Between the line containing "Powai Suburb In" and the line containing "The image shows" lies a run of lines; give that run again exactly, with both of those lines, and nothing else from the entries below.
··· DATASET EXCERPTS ···
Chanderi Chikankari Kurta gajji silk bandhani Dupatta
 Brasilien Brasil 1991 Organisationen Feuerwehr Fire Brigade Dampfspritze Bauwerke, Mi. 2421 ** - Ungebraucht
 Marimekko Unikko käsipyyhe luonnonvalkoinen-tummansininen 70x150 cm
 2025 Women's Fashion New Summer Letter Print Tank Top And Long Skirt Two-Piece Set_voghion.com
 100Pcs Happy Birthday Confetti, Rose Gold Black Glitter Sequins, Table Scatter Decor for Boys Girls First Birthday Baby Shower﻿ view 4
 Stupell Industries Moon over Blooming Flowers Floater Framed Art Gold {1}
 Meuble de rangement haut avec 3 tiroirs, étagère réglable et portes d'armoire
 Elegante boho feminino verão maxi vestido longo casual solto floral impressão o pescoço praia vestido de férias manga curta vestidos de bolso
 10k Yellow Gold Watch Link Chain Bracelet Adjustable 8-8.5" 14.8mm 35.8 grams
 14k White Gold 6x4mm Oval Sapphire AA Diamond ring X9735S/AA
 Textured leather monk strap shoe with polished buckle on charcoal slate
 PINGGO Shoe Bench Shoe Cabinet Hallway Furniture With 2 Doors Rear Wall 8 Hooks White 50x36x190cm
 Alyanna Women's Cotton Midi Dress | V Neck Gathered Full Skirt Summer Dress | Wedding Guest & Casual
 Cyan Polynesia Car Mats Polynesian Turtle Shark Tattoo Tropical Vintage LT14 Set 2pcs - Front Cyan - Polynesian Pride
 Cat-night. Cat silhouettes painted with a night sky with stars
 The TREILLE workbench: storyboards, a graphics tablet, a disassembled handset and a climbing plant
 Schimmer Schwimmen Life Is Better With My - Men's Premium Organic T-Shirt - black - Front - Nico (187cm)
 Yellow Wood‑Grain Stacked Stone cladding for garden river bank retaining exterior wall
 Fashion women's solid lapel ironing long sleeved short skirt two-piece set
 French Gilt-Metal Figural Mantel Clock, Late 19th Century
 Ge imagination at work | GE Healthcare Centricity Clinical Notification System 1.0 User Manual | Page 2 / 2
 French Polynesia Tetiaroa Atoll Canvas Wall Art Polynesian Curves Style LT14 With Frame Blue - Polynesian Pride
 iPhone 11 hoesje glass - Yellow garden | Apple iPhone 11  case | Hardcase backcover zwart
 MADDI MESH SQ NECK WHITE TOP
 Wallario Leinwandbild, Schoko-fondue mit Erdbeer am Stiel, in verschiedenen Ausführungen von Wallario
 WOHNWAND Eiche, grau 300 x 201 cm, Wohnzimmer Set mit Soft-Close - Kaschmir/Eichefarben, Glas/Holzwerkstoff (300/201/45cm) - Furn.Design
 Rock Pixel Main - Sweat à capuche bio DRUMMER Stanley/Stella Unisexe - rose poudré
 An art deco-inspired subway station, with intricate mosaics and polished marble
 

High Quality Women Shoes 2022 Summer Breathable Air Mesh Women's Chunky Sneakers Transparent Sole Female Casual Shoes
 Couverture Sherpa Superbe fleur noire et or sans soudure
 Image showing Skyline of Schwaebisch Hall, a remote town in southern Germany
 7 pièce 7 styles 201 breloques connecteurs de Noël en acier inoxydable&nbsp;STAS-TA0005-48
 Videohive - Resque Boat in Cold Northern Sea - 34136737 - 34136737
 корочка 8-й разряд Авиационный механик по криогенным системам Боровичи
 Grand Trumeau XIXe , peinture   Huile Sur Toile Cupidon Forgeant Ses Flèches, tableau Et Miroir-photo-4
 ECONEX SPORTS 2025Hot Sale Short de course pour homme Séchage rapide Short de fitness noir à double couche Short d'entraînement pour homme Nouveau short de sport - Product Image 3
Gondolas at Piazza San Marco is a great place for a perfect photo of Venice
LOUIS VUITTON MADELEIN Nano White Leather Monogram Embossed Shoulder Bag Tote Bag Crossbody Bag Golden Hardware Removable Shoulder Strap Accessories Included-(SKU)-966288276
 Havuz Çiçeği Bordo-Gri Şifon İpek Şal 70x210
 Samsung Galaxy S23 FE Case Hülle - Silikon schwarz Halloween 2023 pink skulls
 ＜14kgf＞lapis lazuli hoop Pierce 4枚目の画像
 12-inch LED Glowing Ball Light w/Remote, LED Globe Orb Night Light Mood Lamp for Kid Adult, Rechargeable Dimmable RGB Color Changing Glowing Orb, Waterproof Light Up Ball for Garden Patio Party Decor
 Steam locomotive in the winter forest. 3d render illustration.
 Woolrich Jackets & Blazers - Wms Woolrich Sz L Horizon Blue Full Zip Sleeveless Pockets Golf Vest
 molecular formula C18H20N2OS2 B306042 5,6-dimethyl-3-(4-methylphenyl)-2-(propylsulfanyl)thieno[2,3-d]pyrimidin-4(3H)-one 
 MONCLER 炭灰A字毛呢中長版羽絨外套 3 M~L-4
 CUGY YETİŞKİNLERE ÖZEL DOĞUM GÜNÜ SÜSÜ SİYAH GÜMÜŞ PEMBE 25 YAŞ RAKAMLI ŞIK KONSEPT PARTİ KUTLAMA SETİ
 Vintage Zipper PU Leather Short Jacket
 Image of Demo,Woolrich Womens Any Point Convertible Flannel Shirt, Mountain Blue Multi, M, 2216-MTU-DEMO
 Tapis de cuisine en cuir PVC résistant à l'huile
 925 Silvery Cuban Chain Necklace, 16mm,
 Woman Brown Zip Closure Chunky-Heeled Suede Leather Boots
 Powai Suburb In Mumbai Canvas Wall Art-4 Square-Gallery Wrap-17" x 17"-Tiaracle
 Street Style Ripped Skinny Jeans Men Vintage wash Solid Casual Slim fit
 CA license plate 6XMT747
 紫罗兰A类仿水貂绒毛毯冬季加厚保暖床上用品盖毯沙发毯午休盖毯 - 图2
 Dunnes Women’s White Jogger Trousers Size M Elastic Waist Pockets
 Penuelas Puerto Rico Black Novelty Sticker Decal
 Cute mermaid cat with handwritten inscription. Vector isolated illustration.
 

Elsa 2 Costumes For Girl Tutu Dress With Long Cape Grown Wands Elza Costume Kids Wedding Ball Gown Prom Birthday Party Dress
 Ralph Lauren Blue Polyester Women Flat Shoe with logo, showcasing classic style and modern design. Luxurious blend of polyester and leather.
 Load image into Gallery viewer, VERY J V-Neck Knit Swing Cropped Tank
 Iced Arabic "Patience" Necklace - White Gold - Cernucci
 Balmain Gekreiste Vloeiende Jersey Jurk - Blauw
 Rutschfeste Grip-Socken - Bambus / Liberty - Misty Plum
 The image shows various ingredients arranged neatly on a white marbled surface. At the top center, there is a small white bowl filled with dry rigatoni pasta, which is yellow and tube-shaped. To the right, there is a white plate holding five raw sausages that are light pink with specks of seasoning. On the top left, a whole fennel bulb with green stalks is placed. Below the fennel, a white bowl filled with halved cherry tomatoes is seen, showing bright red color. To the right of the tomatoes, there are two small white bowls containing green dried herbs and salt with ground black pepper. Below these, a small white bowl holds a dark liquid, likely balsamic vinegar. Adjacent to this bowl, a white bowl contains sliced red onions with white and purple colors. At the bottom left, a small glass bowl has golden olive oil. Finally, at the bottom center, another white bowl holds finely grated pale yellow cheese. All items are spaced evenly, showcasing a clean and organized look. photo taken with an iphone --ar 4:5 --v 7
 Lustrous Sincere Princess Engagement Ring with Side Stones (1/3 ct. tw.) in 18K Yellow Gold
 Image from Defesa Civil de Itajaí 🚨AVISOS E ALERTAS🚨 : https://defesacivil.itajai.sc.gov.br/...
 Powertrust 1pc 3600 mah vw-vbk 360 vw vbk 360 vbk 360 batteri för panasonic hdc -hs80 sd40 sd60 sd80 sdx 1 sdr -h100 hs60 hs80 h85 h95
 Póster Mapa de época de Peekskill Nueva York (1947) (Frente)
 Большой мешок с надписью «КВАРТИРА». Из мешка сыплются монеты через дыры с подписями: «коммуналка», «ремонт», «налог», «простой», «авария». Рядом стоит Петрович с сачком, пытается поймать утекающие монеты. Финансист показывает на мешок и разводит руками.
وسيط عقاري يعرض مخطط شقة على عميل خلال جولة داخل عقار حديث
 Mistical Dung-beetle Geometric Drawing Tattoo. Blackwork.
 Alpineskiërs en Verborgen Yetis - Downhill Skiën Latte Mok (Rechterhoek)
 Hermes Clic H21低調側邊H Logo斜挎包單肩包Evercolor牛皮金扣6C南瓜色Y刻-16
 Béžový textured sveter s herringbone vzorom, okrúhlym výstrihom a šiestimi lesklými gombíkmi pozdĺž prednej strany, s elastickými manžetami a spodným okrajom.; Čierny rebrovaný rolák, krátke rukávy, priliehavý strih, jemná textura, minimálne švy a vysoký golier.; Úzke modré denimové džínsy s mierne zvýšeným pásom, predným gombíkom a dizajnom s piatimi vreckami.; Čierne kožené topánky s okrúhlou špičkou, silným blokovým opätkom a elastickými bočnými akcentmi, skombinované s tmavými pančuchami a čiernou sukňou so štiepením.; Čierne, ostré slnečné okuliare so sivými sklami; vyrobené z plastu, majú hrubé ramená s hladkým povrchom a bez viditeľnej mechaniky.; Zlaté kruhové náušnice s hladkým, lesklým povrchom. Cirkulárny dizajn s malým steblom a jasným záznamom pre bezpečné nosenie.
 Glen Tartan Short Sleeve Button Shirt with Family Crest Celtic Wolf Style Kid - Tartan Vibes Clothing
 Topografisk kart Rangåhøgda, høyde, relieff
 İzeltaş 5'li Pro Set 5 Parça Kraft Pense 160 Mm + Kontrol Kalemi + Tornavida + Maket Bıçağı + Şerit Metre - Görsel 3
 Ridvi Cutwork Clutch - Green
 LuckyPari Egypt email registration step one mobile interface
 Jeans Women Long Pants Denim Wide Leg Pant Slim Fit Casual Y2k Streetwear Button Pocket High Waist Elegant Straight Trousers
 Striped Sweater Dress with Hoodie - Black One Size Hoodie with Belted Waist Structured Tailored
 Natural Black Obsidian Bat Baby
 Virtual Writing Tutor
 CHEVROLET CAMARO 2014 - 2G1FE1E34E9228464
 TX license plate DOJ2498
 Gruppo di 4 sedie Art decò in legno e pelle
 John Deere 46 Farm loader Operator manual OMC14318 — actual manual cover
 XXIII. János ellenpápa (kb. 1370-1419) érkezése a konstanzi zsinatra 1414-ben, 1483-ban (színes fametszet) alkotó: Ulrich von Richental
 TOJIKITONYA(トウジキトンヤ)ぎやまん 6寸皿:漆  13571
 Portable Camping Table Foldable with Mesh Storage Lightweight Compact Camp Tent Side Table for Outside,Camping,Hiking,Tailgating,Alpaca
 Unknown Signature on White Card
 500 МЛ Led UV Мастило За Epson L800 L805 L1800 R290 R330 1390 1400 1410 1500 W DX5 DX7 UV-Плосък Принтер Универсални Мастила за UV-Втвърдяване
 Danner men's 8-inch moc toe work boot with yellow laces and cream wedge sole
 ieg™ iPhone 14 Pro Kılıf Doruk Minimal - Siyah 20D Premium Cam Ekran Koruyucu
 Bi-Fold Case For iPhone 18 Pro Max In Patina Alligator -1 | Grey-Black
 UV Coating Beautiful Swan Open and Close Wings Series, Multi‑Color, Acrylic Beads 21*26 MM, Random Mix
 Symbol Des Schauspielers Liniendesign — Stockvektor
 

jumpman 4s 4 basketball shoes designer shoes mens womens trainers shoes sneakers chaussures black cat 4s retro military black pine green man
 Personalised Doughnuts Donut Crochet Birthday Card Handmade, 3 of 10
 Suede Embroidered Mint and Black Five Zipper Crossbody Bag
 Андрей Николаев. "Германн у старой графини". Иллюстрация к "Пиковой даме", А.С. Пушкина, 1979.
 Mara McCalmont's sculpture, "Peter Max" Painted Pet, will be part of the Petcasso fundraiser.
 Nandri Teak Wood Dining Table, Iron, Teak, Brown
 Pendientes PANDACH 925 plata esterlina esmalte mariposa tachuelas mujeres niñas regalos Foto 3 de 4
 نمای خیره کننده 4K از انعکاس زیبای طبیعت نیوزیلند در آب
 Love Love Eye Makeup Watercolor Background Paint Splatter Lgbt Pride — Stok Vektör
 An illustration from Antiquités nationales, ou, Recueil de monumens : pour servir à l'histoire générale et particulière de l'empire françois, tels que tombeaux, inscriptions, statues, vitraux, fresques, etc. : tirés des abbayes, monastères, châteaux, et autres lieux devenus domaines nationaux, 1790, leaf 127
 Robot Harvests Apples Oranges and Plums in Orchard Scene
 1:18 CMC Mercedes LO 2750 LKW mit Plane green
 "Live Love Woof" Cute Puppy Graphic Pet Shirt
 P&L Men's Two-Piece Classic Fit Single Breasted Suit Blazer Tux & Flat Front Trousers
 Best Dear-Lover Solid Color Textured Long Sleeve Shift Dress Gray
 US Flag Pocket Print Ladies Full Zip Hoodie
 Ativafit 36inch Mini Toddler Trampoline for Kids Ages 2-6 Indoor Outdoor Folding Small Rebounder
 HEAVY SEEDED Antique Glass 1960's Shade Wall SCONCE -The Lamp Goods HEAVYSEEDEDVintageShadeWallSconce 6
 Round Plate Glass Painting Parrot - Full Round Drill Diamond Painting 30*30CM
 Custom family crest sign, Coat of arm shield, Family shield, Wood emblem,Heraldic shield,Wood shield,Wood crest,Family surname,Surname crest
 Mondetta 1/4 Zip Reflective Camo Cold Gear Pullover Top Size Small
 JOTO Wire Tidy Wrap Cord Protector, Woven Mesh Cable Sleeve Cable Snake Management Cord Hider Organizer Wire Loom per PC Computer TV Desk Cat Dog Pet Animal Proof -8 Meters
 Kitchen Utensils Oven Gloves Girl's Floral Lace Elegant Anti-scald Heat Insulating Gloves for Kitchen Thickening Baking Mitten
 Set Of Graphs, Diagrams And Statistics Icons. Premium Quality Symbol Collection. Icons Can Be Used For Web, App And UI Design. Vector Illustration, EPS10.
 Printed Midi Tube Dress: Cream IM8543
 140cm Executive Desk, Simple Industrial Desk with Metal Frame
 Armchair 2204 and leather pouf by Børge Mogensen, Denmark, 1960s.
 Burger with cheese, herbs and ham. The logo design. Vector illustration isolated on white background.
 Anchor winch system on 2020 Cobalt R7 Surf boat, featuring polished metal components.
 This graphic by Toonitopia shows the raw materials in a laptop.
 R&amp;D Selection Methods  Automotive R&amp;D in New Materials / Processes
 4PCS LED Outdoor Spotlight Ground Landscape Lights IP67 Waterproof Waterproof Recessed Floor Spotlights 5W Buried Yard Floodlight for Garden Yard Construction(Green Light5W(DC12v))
···
▶ **ANSWER SPACE**
 Powai Suburb In Mumbai Canvas Wall Art-4 Square-Gallery Wrap-17" x 17"-Tiaracle
 Street Style Ripped Skinny Jeans Men Vintage wash Solid Casual Slim fit
 CA license plate 6XMT747
 紫罗兰A类仿水貂绒毛毯冬季加厚保暖床上用品盖毯沙发毯午休盖毯 - 图2
 Dunnes Women’s White Jogger Trousers Size M Elastic Waist Pockets
 Penuelas Puerto Rico Black Novelty Sticker Decal
 Cute mermaid cat with handwritten inscription. Vector isolated illustration.
 

Elsa 2 Costumes For Girl Tutu Dress With Long Cape Grown Wands Elza Costume Kids Wedding Ball Gown Prom Birthday Party Dress
 Ralph Lauren Blue Polyester Women Flat Shoe with logo, showcasing classic style and modern design. Luxurious blend of polyester and leather.
 Load image into Gallery viewer, VERY J V-Neck Knit Swing Cropped Tank
 Iced Arabic "Patience" Necklace - White Gold - Cernucci
 Balmain Gekreiste Vloeiende Jersey Jurk - Blauw
 Rutschfeste Grip-Socken - Bambus / Liberty - Misty Plum
 The image shows various ingredients arranged neatly on a white marbled surface. At the top center, there is a small white bowl filled with dry rigatoni pasta, which is yellow and tube-shaped. To the right, there is a white plate holding five raw sausages that are light pink with specks of seasoning. On the top left, a whole fennel bulb with green stalks is placed. Below the fennel, a white bowl filled with halved cherry tomatoes is seen, showing bright red color. To the right of the tomatoes, there are two small white bowls containing green dried herbs and salt with ground black pepper. Below these, a small white bowl holds a dark liquid, likely balsamic vinegar. Adjacent to this bowl, a white bowl contains sliced red onions with white and purple colors. At the bottom left, a small glass bowl has golden olive oil. Finally, at the bottom center, another white bowl holds finely grated pale yellow cheese. All items are spaced evenly, showcasing a clean and organized look. photo taken with an iphone --ar 4:5 --v 7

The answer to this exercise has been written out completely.